The proposed framework encodes five metamorphic relations (MRs), each operationalized via a test metric to quantify the level of violation or fidelity:
- Explanation Faithfulness (MR1): Higher attributed importance between two features must correspond to greater model sensitivity upon perturbation. Assessed using binary faithfulness score (FS), rank-correlation (FSrank), and AOPC metrics.
- Cross-Model Sensitivity Consistency (MR2): When models agree on a top feature, their outputs should be directionally consistent under perturbation.
- Explanation Divergence Implies Sensitivity Divergence (MR3): Divergence in top-attributed features between models should correspond to differentiated model sensitivities upon perturbation.
- Invariance Under Irrelevant Transformations (MR4): Features with low attributed importance should not yield substantial output or attribution changes under perturbation.
- Proportional Attribution Response (MR5): The magnitude of prediction changes under feature perturbation should be proportional to the attributions assigned to those features.
These relations are tested on the ε-Rashomon sets constructed from two tabular regression datasets (California Housing, Wine Quality) using two popular explainers (SHAP, LIME). Each explainer is applied to all models in the Rashomon set, and the attributions are evaluated for the described MRs via perturbation tests.
Figure 1: Rashomon set size as a function of relative error tolerance εr on California Housing, demonstrating stabilization at 16 models for εr≥0.10.
Experimental Setup
The study examines candidate pools of 85 models from six diverse families, tuned and evaluated on standardized splits of the California Housing and Wine Quality datasets. ε-Rashomon set thresholds are tuned to 15% above the minimal observed MSE, resulting in constricted sets favoring gradient boosting and tree models. For each model in the Rashomon set, SHAP and LIME are used to generate post-hoc explanations on held-out test inputs. Feature perturbation pipelines are systematically executed to quantify MR violations for each explainer.
Results
The empirical evaluation reveals systematic differences between explainers, datasets, and metamorphic relations.
Figure 2: MR metric comparison across explainers and datasets, illustrating faithfulness (FSrank), output perturbation (AOPC), cross-model agreement (REA), divergence consistency (DC), fragility (EFI), and proportionality (PS) metrics, with relevant CIs and baseline comparisons.
Explanation Faithfulness (MR1)
MR1 violations remain low (6%) on California Housing but increase significantly (20–26%) on Wine Quality, highlighting the challenge post-hoc explainers face with correlated features. SHAP and LIME achieve high rank-correlation with model sensitivities (ρ≈0.63 SHAP, $0.71$ LIME) on California Housing but drop on Wine Quality.
Cross-Model Sensitivity Consistency (MR2)
High applicability rates (88–100%) are observed, with violation rates around 14% for both explainers, indicating that when models concur on feature importance, the explainers mostly capture consistent output sensitivities.
Explanation Divergence Implies Sensitivity Divergence (MR3)

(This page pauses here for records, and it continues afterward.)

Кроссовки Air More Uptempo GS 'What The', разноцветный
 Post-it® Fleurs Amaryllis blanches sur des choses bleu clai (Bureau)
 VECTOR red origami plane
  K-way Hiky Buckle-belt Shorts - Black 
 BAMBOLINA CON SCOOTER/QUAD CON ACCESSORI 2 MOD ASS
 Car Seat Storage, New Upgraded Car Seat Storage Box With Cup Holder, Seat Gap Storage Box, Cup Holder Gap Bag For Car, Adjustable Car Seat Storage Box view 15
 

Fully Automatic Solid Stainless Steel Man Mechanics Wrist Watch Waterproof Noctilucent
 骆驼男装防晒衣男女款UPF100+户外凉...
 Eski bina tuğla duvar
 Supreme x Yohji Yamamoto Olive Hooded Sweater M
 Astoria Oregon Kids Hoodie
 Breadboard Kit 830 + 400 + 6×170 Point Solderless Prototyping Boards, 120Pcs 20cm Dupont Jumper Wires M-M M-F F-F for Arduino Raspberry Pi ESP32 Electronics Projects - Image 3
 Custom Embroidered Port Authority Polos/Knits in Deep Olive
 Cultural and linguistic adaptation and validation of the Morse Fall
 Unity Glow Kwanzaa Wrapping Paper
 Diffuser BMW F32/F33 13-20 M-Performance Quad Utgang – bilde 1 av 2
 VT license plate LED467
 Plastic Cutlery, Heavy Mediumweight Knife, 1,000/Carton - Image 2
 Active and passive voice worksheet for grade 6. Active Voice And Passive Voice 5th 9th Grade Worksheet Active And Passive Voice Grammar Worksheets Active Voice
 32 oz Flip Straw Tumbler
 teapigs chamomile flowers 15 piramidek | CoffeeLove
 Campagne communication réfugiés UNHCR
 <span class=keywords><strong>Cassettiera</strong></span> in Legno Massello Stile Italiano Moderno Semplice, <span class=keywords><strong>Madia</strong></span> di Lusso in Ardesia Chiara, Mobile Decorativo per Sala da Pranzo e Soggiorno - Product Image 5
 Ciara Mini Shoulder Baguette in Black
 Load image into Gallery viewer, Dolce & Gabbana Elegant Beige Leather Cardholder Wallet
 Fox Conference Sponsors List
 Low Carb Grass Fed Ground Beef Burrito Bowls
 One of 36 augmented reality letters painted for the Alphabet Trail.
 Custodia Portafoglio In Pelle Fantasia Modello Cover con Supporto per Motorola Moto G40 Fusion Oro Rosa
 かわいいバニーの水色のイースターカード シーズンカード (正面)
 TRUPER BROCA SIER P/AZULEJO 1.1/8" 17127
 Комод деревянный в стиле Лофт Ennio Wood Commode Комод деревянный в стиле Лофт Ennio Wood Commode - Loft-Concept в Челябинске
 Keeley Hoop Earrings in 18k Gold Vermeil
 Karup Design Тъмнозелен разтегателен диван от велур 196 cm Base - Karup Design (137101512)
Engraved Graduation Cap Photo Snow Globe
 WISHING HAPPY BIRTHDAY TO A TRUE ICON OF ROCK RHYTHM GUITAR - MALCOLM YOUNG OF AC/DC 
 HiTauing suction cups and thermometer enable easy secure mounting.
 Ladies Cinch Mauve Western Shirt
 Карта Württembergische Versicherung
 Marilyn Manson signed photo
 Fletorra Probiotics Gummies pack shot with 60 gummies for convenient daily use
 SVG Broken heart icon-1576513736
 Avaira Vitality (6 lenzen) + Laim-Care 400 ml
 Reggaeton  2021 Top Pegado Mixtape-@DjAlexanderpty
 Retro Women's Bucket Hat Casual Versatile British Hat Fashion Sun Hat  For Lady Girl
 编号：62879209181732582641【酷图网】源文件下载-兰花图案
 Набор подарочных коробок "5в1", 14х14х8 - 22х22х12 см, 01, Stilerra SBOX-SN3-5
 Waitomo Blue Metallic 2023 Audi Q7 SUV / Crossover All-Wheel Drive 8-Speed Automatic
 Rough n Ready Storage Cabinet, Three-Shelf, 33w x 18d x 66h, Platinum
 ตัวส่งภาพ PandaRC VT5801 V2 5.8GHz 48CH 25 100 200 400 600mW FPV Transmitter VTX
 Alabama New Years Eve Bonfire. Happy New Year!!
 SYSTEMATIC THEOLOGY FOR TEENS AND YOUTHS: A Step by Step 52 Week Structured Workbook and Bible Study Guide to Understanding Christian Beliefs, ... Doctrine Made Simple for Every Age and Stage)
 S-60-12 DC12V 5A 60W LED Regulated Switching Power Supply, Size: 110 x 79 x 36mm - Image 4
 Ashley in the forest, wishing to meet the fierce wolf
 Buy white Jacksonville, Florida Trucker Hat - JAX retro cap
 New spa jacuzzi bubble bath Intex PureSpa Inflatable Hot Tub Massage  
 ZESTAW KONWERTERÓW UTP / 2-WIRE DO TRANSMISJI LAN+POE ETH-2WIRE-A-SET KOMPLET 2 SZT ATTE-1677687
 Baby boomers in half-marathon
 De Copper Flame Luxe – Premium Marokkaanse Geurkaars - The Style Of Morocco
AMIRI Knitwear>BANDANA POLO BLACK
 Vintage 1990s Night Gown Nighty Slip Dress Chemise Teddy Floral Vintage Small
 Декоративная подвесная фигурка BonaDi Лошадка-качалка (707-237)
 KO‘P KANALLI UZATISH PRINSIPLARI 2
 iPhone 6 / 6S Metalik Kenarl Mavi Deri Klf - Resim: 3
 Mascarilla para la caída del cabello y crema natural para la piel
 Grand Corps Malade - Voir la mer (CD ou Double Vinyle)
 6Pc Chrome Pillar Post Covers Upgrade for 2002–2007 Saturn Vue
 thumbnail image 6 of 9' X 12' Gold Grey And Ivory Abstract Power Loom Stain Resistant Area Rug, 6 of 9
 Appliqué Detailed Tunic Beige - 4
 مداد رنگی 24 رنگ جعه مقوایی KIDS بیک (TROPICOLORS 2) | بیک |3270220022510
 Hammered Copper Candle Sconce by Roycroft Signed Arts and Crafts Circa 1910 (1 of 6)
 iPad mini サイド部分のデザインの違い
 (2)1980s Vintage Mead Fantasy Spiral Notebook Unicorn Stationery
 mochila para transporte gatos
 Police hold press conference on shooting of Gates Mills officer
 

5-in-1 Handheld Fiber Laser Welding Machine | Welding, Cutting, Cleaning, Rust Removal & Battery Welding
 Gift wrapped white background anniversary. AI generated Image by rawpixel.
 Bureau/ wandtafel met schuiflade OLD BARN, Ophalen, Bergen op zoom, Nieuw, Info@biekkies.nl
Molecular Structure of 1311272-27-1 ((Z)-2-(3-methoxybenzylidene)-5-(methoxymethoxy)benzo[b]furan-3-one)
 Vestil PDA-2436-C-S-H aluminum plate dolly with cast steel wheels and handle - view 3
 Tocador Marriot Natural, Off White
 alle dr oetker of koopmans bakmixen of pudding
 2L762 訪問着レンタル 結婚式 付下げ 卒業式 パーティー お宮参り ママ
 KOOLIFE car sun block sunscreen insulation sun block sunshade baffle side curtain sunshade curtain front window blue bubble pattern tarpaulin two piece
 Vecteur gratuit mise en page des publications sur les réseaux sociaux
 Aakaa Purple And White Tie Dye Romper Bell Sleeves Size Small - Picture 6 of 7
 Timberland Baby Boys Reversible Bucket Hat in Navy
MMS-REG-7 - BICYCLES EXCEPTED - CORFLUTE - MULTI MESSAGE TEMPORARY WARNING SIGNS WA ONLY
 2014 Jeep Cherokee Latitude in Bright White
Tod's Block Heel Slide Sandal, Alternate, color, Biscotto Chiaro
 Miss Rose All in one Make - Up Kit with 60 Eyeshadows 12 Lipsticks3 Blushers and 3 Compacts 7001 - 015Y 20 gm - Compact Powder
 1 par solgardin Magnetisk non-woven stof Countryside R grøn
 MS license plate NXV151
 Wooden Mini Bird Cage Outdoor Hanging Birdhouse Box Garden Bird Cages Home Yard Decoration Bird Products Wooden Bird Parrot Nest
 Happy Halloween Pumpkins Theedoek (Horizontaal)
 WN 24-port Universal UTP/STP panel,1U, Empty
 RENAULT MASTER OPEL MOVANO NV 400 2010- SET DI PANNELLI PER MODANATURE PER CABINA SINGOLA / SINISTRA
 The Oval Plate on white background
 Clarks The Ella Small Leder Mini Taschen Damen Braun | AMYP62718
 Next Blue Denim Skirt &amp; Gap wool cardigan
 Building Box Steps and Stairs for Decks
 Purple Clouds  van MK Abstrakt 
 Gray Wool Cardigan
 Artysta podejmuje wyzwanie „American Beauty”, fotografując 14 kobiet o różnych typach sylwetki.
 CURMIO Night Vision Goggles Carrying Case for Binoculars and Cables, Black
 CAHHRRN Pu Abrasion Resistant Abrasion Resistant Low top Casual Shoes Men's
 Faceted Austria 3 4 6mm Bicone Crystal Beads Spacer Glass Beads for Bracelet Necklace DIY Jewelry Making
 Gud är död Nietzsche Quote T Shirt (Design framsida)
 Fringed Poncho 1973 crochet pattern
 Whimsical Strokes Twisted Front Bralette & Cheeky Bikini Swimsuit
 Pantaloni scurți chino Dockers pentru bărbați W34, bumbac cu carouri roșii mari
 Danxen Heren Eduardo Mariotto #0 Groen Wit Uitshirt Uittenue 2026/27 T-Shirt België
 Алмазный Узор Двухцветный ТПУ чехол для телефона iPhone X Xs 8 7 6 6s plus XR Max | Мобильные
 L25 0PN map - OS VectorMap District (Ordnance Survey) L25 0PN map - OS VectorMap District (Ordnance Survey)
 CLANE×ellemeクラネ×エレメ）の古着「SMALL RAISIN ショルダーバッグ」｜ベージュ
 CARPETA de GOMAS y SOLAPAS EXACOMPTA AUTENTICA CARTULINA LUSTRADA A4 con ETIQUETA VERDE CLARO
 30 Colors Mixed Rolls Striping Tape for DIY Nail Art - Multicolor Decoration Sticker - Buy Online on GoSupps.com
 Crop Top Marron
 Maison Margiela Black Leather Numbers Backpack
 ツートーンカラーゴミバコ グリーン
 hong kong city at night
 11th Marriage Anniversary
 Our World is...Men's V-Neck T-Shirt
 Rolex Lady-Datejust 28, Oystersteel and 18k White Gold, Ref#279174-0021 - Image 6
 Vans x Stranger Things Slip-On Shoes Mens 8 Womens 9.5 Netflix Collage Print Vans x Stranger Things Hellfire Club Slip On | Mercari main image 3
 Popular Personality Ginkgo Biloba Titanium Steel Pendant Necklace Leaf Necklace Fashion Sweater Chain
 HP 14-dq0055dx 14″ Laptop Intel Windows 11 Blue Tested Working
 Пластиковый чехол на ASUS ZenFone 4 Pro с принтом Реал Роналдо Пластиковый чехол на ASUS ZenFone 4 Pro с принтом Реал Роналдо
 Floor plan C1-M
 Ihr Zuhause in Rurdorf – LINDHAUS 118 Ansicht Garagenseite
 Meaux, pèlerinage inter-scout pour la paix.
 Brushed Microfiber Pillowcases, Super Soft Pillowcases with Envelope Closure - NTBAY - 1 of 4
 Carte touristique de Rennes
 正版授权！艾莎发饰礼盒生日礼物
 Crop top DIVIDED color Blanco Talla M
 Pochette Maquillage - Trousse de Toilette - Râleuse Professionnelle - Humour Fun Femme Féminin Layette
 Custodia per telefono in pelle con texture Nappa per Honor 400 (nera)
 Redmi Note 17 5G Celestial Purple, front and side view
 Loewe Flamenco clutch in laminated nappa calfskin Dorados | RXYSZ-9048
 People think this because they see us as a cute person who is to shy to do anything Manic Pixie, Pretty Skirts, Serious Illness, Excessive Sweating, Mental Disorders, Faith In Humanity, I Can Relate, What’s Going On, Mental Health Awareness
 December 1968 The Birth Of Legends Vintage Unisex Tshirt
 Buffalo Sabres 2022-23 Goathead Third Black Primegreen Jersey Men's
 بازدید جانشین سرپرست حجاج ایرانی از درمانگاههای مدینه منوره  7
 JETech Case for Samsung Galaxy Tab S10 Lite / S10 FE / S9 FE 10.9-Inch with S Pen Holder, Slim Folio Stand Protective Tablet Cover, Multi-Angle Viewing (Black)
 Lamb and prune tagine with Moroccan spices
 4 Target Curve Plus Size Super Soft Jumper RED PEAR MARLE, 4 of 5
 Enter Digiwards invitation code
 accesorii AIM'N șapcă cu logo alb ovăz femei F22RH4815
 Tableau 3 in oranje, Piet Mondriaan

Here, SHAP exhibits measurable divergence, while LIME’s explanation diversity is nearly trivial—most Rashomon models are assigned identical top features regardless of family or local structural differences. Applicability rates for DC using LIME are near zero, making this MR non-informative for that explainer/dataset combination. For SHAP, observed divergence rates among models do not always correspond to output sensitivity divergence, indicating possible explainer artifacts.
EFI values (0.26–0.33) indicate that a non-trivial fraction of features labelled "irrelevant" by explainers still influence outputs on perturbation. This reflects either limitations of the explainer in capturing complex interactions or inherent coupling in the data.
Proportional Attribution Response (MR5)
This MR is violated frequently (33–70%), indicating that while explainers may select important features correctly, their attribution magnitudes are poorly calibrated relative to actual model response.
Implications for Explainable AI
The results demonstrate that metamorphic testing formalizes and quantifies explanation reliability independently of ground truth, enabling robust comparison of explainer behavior and model-explainer interactions in the presence of significant model multiplicity. The cross-model relations (MR2, MR3) are particularly salient for understanding whether explanation diversity genuinely reflects model diversity or is an artifact of the explanation process.
The consistent homogenization observed with LIME, despite structural differences among models, suggests a strong risk that some explanation methods may mask the presence of the Rashomon effect, potentially misleading practitioners about the plurality of valid model rationales within their solution set. Conversely, SHAP exposes more variation aligned with the underlying model behavior but may introduce its own artifacts when model sensitivities are not clearly distinct.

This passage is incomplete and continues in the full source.